Certain stories describe us almost entirely, and in my case, one of them is this story of my fairly recent ancestors on my Mother's side. Who they were, and how I unconsciously, on purpose, chose to depict the part they played in forming my peculiar self-definition. As with all my stories, they could be complete and utter fabrications. But they're not. They're true, as well as I know. Sometimes, perhaps, more apocryphal than academic, and just slightly more than loosely documented. And as I said, the names are incomplete, or changed to protect unwilling or fragile participants. So, on with the stories...
At a rather young age by our standards (though oldish by hers), twenty-three or twenty-four, my Great-great grandmother set out of Missouri to cross the Oregon Trail by herself, in the mid 1840s. It was a rare thing for a young lady (one named Churchill, no less) to undertake such an impractically feminist adventure in those days. And though I don't know her motivations, we can surmise that what she wanted very badly was a change of scenery.
As a female she was automatically relegated to second-class status. And being an unmarried, unaccompanied female lowered her status even further – to third, or fourth-class. As such, it was deemed that she ride in "the back of the bus," or in this case, in the back of the wagon train with the other third and fourth-class citizens; wayward misfits, gypsies, and the like. Families of the solid God-fearing "Christian" caste, led by real men of fine American mettle, took their positions at the front of the train. These were the men who made this country, and in many ways the world, what it is today.

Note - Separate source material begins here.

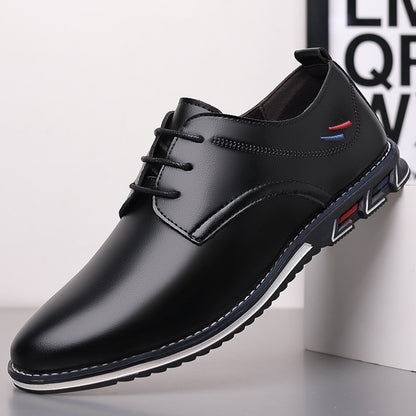 Lightweight Casual Leather Shoes With Lace Up For All Seasons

Bringing up the rear as well were the American Indians who showed them how to find water, what they could eat along the way, and which direction they should actually go in to conquer "the unknown wilderness" that was the "unexplored" continent to the west. My great-great grandfather was a Kickapoo indian that Ms. Churchill met amongst the others back in the rear of the wagon train.
The Kickapoos are a tribe with origins in the Great Lakes and plains region of eastern Minnesota, northern Iowa, and parts of what is now Michigan, and I suppose that when the wagon train neared The Great Divide, my great-great grandfather felt the need to return to his land and people. Perhaps he wasn't aware that Ms. Churchill was carrying his child. Maybe she didn't know yet, or she knew and didn't tell him. In any case, the universe has since put too much space between us all to know what truly passed between those two people in that natural world so long ago. He went back home. She went on west.
Before the wagon train reached it's destination, she must have felt it imperative to be married for the sake of her unborn child-- the stigma of unwed parenthood being too great an obstacle to overcome. She apparently found the most likely match she could, and sometime before arriving in Eastern Oregon, she married a Basque shepherd named Jordan, who became, in name (my middle name, in fact), my step great-great grandfather. They settled in central Oregon, where you find Jordan creek and Jordan City, and had six more children together. But it was that first-born, half-Kickapoo boy whose grandson, Harry Jordan, met and married my grandmother, Minnie Fletcher. And that was my mother's side of the family.